A NamedNodeMap is a list of nodes with a name attached to them. It supports the same properties and methods as NodeListlength and item(i)but, it also has special methods to access nodes by name:
getNamedItem()/getNamedItemNS()/getQualifiedItem()returns the node with the given name. getNamedItem() uses the element's tag, getNamedItemNS() uses its namespace URI and local name. getQualifiedItem() is the older form of getNamedItemNS(); it is not part of the official DOM standard, but it is the method required for Internet Explorer.
setNamedItem()/setNamedItemNS()sets the node with the given name. As seen previously, setNamedItemNS() uses the namespace.
removeNamedItem()/removeNamedItemNS()removes the node with the given name.
searchPrice() illustrates how to use attributes to retrieve the price attribute.
// with DOM Level 2, it would be node.getAttributeNodeNS() var price = node.attributes.getQualifiedItem("price","");
CAUTION
Bear in mind that, by default, Internet Explorer 5.0 and 5.5 recognize an obsolete version of DOM. However, if you have upgraded them to the latest Microsoft parser, you will need to use the official DOM constructs.
Document Object
The topmost element in a DOM tree is Document. Document inherits from Node so it can be inserted in a tree. Document inherits most properties from Node and adds only three new properties:
documentElement is the root from the document.
implementation is a special object that defines methods that work without a document (such as createDocument(), which creates new documents).
doctype is the Document Type Definition.
Note that the Document object sits one step before the root element. Indeed the root element is in the documentElement property.
To return a tree, the parser returns a Document object. From the Document object, it is possible to access the complete document tree.
CAUTION
Unfortunately, the DOM recommendation starts with the Document object, not with the parser itself. DOM level 3 defines new methods to load and save XML documents but, for the time being, one must use proprietary solutions such as Microsoft's XML island.
Element Object
Element is the descendant of Node that is used specifically to represent XML elements.
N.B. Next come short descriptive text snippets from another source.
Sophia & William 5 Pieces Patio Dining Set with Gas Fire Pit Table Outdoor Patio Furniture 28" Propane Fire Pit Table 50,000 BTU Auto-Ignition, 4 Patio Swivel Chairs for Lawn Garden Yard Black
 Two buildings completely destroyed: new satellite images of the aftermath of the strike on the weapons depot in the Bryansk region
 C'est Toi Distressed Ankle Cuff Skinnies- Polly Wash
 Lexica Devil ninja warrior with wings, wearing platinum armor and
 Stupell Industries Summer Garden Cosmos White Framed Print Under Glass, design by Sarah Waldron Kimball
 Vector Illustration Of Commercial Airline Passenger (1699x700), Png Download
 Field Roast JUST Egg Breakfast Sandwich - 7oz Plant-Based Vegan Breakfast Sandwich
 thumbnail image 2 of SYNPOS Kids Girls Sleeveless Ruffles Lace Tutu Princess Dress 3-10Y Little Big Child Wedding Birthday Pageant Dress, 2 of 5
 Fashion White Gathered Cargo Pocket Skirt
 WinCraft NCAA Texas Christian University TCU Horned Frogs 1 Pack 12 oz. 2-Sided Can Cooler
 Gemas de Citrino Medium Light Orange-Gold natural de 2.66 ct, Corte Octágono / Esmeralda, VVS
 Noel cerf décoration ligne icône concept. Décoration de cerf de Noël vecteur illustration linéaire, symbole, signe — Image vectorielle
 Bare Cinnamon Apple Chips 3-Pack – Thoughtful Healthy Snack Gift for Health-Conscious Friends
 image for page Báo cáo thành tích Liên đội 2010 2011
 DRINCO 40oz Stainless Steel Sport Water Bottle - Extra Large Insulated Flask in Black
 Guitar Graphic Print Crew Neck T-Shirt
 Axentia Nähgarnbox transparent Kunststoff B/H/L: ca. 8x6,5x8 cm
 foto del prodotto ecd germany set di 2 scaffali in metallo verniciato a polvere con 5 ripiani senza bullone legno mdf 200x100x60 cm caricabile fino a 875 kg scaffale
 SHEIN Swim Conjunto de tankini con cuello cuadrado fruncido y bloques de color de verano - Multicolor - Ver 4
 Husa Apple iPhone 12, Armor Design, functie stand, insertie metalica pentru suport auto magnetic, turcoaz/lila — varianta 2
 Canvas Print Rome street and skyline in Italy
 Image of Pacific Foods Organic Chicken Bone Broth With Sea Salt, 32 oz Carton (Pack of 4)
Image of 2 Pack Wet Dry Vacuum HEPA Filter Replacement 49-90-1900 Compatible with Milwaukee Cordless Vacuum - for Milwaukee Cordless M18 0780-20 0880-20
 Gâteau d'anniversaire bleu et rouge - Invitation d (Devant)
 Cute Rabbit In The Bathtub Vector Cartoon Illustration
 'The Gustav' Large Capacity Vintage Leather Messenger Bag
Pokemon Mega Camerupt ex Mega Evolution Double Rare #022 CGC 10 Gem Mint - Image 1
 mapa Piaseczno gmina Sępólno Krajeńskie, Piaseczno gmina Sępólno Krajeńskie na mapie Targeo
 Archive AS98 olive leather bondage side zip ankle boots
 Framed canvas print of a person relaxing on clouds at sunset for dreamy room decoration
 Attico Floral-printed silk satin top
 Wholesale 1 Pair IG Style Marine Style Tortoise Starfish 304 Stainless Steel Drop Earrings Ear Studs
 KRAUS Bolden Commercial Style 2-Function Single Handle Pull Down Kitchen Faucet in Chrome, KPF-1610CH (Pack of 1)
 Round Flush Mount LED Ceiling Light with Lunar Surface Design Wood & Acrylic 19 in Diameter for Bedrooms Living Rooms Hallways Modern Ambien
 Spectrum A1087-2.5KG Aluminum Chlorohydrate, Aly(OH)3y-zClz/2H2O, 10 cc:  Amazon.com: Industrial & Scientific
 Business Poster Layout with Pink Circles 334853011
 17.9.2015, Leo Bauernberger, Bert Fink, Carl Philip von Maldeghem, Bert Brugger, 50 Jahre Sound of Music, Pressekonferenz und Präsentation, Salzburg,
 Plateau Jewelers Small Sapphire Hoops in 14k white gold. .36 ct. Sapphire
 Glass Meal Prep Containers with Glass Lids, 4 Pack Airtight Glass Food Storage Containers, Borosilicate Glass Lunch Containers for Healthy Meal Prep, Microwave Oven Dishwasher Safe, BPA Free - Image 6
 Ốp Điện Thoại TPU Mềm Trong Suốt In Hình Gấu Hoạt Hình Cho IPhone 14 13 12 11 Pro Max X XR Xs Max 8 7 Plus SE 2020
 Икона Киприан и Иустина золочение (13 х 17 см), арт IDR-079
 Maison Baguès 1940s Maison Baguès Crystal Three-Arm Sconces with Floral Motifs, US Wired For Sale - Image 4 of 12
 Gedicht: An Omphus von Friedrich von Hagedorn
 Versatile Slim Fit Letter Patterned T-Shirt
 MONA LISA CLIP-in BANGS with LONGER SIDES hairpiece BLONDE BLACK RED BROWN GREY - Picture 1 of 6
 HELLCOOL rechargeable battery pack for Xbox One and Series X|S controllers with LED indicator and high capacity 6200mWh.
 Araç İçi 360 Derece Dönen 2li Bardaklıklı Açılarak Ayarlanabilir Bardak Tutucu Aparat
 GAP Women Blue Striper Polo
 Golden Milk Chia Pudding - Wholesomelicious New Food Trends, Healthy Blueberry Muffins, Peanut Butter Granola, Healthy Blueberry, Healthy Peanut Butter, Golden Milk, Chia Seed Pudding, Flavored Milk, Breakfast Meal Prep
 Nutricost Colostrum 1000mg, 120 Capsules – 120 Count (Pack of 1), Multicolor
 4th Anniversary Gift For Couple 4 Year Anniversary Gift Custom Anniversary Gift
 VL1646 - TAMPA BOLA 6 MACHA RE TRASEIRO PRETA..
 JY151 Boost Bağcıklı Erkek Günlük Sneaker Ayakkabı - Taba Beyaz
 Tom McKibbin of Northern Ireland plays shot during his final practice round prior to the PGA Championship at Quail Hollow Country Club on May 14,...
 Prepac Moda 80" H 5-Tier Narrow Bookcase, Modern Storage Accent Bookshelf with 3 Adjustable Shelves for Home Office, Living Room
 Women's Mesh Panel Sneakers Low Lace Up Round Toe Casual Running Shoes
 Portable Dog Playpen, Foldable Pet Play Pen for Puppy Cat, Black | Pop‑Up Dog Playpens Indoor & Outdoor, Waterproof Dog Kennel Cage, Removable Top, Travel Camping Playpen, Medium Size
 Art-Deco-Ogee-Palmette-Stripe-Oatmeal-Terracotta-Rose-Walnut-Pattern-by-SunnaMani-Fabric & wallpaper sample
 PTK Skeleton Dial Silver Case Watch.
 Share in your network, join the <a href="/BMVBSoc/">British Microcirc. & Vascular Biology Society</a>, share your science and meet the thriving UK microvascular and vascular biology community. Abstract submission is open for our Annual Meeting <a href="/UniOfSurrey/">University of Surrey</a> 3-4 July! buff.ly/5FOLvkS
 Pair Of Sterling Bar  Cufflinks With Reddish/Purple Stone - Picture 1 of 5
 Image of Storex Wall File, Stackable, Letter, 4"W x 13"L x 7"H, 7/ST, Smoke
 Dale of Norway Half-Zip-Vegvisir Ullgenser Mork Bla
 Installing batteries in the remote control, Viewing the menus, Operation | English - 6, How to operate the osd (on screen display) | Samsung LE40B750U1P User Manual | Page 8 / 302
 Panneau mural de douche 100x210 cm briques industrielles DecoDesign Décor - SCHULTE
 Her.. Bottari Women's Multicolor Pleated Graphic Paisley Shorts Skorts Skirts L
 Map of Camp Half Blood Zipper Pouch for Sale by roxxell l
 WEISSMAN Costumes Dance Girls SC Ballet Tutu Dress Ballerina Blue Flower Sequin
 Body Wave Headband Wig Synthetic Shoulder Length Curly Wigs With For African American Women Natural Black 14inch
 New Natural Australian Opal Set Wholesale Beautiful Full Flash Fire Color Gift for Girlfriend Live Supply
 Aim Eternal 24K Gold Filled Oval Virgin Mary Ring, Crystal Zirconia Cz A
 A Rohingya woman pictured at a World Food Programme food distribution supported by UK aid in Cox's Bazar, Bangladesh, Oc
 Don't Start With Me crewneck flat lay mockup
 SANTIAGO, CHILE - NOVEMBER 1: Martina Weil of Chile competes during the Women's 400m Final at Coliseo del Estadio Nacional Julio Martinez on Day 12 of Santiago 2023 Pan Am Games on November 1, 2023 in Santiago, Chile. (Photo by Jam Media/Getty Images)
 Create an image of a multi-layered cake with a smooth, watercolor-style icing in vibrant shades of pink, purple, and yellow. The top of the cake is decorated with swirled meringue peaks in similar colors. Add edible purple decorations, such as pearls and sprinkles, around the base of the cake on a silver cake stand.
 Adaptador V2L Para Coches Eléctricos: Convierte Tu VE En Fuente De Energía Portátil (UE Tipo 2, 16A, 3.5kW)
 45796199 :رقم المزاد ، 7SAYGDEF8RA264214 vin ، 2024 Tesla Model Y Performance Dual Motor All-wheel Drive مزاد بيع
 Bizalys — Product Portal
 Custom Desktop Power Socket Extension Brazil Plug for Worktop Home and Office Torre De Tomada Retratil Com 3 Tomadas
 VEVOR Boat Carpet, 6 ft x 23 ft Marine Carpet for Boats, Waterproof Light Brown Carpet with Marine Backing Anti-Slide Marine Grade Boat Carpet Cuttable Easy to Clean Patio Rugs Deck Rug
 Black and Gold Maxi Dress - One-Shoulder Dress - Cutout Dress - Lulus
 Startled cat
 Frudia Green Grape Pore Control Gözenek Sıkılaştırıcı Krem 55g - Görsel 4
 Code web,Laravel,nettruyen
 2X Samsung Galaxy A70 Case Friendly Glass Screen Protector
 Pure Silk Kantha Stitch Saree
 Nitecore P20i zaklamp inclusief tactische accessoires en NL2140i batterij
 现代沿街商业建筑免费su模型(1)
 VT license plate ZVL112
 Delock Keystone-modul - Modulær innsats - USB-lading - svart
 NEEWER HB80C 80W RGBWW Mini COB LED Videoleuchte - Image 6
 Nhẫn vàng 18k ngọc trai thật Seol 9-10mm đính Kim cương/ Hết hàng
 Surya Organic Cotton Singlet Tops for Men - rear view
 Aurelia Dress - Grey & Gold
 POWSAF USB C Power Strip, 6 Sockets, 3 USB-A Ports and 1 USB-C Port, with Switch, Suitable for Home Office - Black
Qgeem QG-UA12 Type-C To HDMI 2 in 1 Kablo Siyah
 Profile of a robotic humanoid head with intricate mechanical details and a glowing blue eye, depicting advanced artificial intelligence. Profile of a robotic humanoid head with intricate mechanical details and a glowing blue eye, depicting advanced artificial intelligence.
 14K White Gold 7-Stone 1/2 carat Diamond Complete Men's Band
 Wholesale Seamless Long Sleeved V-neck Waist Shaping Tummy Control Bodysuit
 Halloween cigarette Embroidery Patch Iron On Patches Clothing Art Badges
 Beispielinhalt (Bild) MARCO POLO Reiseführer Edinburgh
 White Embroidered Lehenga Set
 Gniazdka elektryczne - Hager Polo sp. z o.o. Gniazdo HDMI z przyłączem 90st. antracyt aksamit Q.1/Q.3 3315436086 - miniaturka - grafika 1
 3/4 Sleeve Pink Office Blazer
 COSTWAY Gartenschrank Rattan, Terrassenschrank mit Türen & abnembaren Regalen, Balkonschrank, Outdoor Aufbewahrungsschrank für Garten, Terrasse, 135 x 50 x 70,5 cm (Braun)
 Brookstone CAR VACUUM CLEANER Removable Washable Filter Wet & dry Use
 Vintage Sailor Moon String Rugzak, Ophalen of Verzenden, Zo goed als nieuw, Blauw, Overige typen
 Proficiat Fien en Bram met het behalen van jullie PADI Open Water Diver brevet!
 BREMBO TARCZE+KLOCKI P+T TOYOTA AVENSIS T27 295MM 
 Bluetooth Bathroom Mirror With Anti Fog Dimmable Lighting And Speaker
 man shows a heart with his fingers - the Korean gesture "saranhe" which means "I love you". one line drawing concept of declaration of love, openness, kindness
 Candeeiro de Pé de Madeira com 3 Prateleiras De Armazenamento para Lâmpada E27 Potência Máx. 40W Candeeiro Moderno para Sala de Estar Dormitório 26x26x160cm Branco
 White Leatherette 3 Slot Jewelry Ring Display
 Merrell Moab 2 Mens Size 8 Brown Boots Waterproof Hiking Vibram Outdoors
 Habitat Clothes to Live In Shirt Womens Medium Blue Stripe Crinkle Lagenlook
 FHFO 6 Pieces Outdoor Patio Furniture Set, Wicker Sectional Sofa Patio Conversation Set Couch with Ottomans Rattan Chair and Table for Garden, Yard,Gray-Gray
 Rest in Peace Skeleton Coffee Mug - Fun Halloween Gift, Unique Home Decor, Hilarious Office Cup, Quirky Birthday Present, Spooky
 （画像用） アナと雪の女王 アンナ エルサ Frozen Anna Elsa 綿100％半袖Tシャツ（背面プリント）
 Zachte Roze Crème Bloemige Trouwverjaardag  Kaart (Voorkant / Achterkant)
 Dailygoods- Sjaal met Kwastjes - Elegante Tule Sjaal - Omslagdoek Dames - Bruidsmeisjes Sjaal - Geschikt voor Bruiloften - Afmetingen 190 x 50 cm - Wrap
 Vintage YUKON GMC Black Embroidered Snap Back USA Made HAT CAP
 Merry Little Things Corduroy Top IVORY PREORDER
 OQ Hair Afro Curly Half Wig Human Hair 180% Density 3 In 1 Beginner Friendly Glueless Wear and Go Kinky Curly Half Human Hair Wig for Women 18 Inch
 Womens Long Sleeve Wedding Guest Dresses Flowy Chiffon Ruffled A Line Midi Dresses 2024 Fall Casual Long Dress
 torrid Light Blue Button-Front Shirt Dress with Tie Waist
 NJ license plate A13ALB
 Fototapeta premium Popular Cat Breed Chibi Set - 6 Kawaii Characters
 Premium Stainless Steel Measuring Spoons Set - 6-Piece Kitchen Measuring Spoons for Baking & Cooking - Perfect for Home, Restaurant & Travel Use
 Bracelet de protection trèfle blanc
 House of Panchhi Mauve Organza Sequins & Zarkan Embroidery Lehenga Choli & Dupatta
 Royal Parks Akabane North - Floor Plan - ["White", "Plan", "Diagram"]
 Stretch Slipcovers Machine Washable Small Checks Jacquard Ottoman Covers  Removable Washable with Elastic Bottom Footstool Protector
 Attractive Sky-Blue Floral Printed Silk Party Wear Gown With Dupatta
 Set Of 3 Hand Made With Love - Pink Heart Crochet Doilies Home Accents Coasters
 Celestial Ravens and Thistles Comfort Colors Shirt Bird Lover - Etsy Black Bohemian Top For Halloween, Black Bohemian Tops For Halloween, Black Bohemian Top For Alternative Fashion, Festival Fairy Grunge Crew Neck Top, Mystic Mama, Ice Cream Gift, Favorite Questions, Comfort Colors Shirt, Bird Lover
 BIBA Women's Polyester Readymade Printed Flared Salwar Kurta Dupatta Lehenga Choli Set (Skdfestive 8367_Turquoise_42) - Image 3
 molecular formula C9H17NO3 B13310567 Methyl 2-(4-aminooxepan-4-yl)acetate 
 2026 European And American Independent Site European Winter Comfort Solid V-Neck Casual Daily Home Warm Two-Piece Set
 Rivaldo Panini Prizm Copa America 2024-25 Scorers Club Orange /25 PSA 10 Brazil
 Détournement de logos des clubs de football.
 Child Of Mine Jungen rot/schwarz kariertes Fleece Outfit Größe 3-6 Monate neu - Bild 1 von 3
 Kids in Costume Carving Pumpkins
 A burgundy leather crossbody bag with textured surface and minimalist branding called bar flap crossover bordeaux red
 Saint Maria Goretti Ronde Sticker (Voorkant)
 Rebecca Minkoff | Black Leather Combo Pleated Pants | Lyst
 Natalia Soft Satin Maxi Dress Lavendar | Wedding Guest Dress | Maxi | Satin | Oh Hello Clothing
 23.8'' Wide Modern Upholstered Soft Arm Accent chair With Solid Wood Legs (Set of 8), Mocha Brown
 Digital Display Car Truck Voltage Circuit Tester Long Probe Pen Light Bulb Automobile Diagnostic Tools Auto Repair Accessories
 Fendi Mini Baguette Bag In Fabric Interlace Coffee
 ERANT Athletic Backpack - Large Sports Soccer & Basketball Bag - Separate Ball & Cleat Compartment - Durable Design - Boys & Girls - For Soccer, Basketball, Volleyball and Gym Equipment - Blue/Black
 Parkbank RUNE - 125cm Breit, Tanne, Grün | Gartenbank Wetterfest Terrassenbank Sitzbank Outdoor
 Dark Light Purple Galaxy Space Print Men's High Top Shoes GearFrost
In addition to the properties inherited from Node, Element defines the tagName property for its tag name.
Obviously, since Element is a Node, it inherits the attributes property from Node. The property is a NamedNodeMap with a list of Attr elements.
Element also defines methods to extract information (there are more methods to create documents and they are introduced in Chapter 9, "Writing XML"):
getElementsByTagName()/getElementsByTagNamesNS() return a NodeList of all descendants of the element with a given tag name. The first method works with the element's tag, (xbe:product) whereas the second expects a namespace URI and local name (http://www.psol.com/xbe2/listing7.1 and product).
getAttributeNode() and getAttributeNodeNS() return an attribute from its tag or the combination of its namespace URI and local name, respectively.
Attr
Attr objects represent the attributes. Attr is a Node descendant. In addition to the properties it inherits from Node, Attr defines the following properties:
name is the name of the attribute.
value is the value of the attribute.
ownerElement is the Element this attribute is attached to.
specified is true if the attribute was given a value in the document; it is false if the attribute has taken a default value from the DTD.
TIP
The W3C decided to call the attribute object Attr to avoid confusion with object properties. In some languages, object properties are called object attributes. An Attribute object would have been very confusing.
Text Object
As the name implies, Text objects represent text such as the textual content of an element.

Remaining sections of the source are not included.